Look in the material below for the line holding "Finsbury Clutch - Quilted Navy Velvet". Set it down exactly, with each later line up to and including the line holding "vettore icona linea".

### Data for review
- - - -
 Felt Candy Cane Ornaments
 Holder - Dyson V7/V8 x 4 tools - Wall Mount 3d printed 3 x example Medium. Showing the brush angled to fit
- - - -
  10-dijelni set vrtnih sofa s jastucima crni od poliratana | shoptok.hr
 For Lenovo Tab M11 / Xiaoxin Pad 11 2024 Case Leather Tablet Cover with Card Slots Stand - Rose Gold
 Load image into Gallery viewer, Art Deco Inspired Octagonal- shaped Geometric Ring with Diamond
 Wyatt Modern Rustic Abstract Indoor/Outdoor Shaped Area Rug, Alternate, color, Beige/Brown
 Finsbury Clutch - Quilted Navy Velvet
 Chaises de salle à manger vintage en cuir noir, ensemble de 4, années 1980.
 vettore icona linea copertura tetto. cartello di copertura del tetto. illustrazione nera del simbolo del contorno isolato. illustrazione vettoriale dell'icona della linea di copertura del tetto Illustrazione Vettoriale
- - - -
### Answer for the task
 Finsbury Clutch - Quilted Navy Velvet
 Chaises de salle à manger vintage en cuir noir, ensemble de 4, années 1980.
 vettore icona linea copertura tetto. cartello di copertura del tetto. illustrazione nera del simbolo del contorno isolato. illustrazione vettoriale dell'icona della linea di copertura del tetto Illustrazione Vettoriale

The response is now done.